[Saved data entries]
◇ ◇ ◇ ◇ ◇

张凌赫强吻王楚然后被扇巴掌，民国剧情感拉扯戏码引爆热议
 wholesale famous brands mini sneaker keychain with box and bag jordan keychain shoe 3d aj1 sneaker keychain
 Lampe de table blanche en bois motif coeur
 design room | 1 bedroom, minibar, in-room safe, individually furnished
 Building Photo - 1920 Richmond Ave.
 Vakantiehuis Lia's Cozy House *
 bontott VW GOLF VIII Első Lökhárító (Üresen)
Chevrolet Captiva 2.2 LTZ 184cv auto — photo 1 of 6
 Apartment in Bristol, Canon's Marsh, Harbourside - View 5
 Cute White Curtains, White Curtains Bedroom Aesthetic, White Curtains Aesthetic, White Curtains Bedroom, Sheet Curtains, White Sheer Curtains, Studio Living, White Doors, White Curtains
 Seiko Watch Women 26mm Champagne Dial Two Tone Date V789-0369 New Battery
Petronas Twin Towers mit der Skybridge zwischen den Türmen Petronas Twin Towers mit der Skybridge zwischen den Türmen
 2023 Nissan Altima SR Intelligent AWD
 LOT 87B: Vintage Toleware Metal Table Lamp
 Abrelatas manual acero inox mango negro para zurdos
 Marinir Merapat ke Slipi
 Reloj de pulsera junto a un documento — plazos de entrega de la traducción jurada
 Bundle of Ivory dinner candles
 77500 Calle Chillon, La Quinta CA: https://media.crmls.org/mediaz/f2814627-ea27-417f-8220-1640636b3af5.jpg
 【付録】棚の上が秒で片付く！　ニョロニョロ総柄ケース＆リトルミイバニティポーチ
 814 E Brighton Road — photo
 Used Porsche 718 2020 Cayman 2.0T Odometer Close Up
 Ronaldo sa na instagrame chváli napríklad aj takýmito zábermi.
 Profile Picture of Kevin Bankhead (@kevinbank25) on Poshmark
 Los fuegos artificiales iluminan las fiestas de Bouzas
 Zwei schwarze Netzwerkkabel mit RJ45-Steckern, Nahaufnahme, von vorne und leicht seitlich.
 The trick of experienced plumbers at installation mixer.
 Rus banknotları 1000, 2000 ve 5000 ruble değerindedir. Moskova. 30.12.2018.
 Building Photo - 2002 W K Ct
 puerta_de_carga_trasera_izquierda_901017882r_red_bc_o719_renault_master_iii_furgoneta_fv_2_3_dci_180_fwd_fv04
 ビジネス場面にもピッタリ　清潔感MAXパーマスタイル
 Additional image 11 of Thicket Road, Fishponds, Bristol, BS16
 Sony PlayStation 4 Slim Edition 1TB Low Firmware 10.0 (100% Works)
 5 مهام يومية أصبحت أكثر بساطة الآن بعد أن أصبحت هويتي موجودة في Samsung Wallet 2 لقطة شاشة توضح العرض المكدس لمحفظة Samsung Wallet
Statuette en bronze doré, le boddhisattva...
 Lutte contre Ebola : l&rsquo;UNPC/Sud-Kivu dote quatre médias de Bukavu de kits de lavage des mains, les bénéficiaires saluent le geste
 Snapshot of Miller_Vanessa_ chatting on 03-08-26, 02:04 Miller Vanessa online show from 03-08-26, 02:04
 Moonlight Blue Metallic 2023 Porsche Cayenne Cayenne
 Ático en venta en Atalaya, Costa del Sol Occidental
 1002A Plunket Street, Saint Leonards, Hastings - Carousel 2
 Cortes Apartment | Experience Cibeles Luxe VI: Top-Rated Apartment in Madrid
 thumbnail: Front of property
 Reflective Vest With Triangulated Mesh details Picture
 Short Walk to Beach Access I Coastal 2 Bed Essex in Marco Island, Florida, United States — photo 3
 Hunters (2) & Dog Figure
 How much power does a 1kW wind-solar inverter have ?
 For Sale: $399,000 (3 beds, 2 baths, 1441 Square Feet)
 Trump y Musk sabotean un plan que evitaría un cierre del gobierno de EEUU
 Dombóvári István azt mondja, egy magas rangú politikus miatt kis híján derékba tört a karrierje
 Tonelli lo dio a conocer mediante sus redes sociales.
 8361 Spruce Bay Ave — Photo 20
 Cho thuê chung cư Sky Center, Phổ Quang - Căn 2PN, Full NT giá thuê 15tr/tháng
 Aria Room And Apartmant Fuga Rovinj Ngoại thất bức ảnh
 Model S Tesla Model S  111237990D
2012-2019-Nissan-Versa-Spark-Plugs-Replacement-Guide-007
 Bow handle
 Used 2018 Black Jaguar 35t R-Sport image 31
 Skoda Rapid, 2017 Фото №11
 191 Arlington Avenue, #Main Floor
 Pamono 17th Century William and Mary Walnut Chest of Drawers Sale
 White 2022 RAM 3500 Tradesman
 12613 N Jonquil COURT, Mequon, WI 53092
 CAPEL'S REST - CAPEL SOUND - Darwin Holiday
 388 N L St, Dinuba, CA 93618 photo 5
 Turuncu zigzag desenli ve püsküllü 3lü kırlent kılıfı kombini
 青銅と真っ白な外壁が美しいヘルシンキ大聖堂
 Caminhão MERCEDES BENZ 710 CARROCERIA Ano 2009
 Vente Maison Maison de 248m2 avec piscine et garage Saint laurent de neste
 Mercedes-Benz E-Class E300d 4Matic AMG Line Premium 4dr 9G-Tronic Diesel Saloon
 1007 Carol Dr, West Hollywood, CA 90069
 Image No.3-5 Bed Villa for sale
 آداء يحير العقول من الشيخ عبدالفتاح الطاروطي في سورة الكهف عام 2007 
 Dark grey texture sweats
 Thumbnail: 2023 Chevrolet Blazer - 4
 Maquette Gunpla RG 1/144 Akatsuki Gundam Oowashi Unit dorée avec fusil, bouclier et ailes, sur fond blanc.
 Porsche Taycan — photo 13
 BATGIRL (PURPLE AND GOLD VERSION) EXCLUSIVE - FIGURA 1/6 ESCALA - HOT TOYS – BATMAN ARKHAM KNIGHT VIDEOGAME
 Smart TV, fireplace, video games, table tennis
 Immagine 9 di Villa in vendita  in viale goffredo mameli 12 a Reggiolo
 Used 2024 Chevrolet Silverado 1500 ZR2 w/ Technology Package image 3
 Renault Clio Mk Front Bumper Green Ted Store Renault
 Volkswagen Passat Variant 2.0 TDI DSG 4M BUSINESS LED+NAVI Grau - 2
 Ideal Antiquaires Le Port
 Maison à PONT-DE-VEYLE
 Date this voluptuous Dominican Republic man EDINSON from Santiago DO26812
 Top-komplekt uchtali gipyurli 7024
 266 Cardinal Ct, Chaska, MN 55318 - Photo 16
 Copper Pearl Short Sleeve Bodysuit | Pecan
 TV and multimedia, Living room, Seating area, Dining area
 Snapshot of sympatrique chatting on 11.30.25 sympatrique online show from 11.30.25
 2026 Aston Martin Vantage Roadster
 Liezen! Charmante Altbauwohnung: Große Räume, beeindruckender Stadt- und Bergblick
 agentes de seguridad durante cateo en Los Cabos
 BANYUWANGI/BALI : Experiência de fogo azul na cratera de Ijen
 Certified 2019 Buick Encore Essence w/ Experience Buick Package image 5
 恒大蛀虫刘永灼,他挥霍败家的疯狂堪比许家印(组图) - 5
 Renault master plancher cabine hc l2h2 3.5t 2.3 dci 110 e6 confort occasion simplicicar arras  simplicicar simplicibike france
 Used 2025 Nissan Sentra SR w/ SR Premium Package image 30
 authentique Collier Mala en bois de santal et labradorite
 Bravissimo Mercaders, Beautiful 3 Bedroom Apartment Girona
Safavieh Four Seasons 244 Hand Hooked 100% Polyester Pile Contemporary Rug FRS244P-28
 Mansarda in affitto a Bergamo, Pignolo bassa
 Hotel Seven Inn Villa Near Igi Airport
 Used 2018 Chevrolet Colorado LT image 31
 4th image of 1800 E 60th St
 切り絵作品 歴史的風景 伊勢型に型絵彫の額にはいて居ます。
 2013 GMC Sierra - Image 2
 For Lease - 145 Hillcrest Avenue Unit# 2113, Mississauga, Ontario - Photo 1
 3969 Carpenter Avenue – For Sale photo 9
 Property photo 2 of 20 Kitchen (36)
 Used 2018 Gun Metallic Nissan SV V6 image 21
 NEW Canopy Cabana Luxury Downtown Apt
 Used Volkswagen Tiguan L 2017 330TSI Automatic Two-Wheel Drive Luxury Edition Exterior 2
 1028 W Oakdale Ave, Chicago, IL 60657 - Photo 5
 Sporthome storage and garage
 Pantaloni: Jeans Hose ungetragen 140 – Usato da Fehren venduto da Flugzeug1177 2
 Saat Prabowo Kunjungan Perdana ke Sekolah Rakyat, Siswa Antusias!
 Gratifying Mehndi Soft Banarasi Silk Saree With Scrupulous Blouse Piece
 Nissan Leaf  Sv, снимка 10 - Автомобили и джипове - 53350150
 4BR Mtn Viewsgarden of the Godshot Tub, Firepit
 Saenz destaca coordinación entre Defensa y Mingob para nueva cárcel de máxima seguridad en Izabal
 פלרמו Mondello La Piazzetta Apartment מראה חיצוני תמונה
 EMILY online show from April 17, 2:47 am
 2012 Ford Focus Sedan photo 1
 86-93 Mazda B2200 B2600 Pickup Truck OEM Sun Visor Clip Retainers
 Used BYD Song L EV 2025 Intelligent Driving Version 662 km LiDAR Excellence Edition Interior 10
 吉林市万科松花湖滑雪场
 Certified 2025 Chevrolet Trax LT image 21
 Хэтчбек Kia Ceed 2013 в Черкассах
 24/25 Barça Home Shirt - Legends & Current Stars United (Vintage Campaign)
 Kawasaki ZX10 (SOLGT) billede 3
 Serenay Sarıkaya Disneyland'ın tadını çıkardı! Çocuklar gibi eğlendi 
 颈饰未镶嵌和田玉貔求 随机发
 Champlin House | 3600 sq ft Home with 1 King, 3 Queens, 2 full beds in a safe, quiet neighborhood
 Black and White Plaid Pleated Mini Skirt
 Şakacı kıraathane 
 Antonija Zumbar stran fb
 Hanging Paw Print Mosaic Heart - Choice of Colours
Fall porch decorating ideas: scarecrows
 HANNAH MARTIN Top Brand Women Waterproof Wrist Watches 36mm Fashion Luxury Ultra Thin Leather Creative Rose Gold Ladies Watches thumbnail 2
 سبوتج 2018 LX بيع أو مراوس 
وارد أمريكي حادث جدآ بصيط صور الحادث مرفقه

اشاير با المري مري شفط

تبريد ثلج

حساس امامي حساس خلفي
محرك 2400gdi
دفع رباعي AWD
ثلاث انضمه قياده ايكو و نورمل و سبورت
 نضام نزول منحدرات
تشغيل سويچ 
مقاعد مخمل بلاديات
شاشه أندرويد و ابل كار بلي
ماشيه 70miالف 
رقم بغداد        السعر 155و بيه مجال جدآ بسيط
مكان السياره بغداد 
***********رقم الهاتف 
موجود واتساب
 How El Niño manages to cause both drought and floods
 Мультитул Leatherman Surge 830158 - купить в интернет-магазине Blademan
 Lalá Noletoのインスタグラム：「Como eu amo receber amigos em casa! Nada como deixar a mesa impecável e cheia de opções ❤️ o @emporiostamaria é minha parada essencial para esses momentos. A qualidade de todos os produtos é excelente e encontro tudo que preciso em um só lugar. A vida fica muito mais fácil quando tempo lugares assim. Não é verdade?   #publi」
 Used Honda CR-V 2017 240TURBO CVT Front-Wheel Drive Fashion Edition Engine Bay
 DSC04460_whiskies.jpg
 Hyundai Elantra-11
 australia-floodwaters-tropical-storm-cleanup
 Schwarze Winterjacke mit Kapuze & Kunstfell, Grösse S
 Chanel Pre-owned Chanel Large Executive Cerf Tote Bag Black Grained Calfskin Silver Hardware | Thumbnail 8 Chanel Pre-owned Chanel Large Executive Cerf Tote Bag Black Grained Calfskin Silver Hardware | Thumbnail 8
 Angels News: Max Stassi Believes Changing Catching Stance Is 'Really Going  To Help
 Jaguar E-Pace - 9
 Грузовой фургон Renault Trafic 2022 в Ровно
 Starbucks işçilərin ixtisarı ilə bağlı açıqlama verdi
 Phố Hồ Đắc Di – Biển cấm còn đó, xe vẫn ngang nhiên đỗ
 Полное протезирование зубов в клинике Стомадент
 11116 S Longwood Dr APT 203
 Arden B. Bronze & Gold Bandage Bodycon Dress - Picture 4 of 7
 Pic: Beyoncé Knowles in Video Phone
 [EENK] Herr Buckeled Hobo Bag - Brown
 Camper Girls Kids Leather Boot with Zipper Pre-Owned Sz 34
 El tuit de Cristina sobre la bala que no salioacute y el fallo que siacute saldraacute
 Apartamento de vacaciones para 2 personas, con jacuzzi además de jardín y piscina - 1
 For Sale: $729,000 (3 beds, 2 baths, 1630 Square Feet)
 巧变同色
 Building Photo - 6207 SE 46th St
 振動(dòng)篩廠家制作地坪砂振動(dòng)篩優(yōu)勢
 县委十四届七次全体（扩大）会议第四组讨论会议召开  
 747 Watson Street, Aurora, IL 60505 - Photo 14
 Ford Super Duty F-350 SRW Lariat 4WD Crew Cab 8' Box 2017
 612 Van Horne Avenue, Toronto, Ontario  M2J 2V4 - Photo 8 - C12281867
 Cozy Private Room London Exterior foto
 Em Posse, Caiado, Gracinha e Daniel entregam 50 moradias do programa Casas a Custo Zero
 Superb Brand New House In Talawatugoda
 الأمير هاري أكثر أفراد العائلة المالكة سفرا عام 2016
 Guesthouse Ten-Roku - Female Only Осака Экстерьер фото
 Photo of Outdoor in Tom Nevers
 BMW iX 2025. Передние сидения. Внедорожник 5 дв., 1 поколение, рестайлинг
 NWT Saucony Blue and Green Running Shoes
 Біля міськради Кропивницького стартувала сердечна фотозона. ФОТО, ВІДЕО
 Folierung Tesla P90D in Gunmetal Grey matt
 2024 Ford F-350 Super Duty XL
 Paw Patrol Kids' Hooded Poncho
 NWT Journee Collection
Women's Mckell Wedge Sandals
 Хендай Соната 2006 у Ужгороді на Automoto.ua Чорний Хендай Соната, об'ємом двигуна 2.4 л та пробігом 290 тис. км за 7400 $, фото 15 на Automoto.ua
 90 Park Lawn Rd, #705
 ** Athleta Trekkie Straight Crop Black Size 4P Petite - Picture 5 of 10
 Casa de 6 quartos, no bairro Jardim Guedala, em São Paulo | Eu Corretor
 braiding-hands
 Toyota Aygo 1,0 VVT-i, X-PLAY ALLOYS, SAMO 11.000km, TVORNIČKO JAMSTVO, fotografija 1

◇ ◇ ◇ ◇ ◇

Task directions = Please give an exact copy of the entries above, from the line with "86-93 Mazda B2200" down to the line with "颈饰未镶嵌和田玉貔求 随机发", inclusive, and nothing else.

Task output =
 86-93 Mazda B2200 B2600 Pickup Truck OEM Sun Visor Clip Retainers
 Used BYD Song L EV 2025 Intelligent Driving Version 662 km LiDAR Excellence Edition Interior 10
 吉林市万科松花湖滑雪场
 Certified 2025 Chevrolet Trax LT image 21
 Хэтчбек Kia Ceed 2013 в Черкассах
 24/25 Barça Home Shirt - Legends & Current Stars United (Vintage Campaign)
 Kawasaki ZX10 (SOLGT) billede 3
 Serenay Sarıkaya Disneyland'ın tadını çıkardı! Çocuklar gibi eğlendi 
 颈饰未镶嵌和田玉貔求 随机发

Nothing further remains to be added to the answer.